A semi-formal language definition is in bt_language.
This library is free software; you can redistribute it and/or modify it under the terms of the GNU Library General Public License as published by the Free Software Foundation; either version 2 of the License, or (at your option) any later version.
This library is distributed in the hope that it will be useful, but WITHOUT ANY WARRANTY; without even the implied warranty of MERCHANTABILITY or FITNESS FOR A PARTICULAR PURPOSE. See the GNU Library General Public License for more details.
You should have received a copy of the GNU Library General Public License along with this library; if not, write to the Free Software Foundation, Inc., 675 Mass Ave, Cambridge, MA 02139, USA.
http://starship.python.net/~gward/btOOL/
You will also find the latest version of Text::BibTeX, the Perl library that provides a high-level front-end to btparse, there. btparse is needed to build "Text::BibTeX", and must be downloaded separately.

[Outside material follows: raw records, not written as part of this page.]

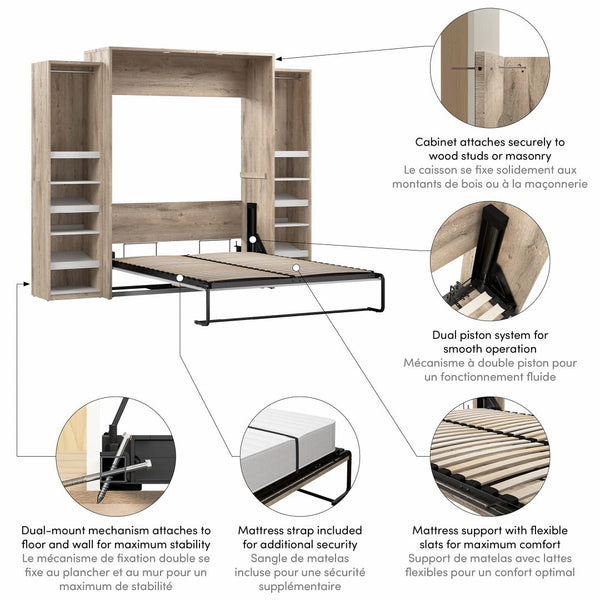 Queen Murphy Bed with 2 Narrow Closet Organizers (105W)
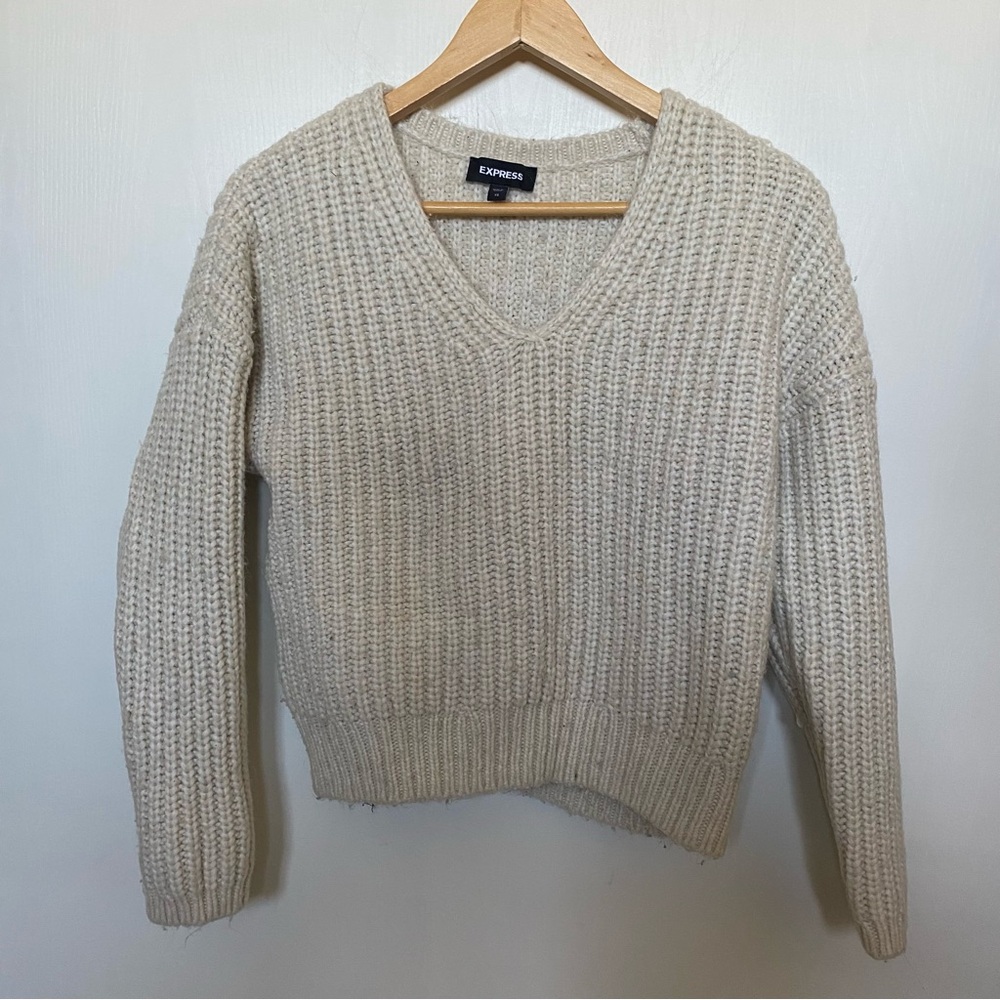 Express Ivory Knit Pullover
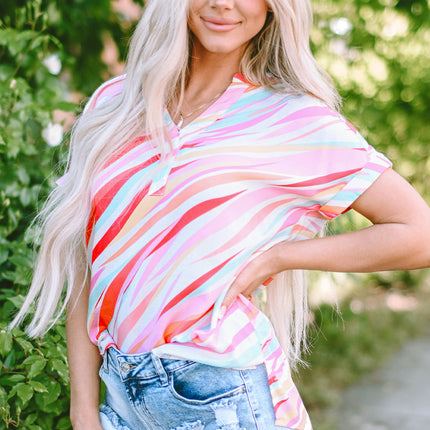 Cali Abstract Short Sleeve Blouse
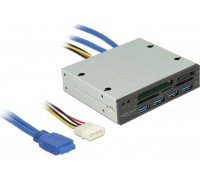 Delock 3.5 "reader 5 sockets + hub with 4 USB 3.0 ports Black (91493)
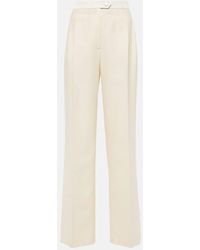 Etro - Cotton And Wool Straight Pants - Lyst
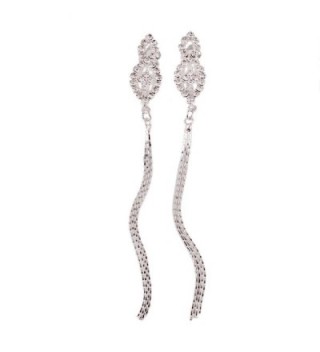 Rhinestone Silver Plated Clip on Earrings 4 Stands Tassels Fashion Earrings No Pierced - CZ12NT6OWU8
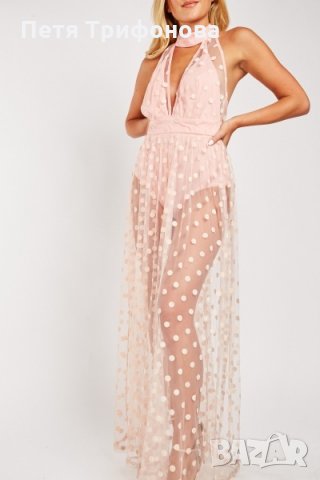 НАЛИЧНА дълга розова рокля тюл боди на точки С размер от Англия, снимка 2 - Рокли - 30713843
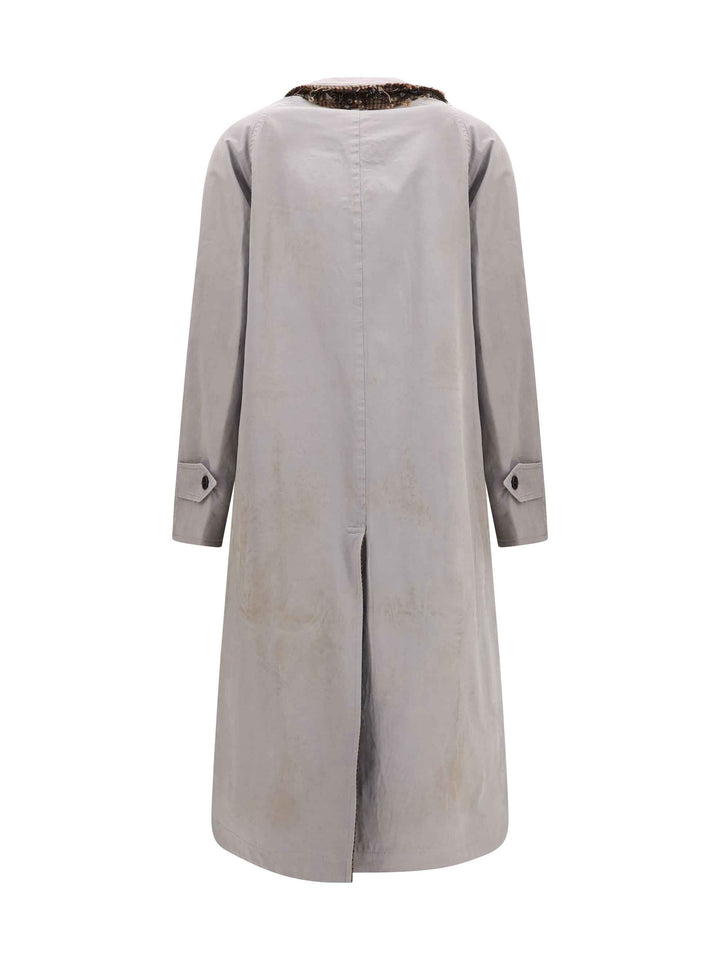 Reversible single-breasted coat with gocce details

Both libraries are also available on CTAN (the Comprehensive TeX Archive Network, "http://www.ctan.org/tex-archive/") and CPAN (the Comprehensive Perl Archive Network, "http://www.cpan.org/"). Look in biblio/bibtex/utils/btOOL/ on CTAN, and authors/Greg_Ward/ on CPAN. For example,
http://www.ctan.org/tex-archive/biblio/bibtex/utils/btOOL/ http://www.cpan.org/authors/Greg_Ward
will both get you to the latest version of "Text::BibTeX" and btparse --- but of course, you should always access busy sites like CTAN and CPAN through a mirror.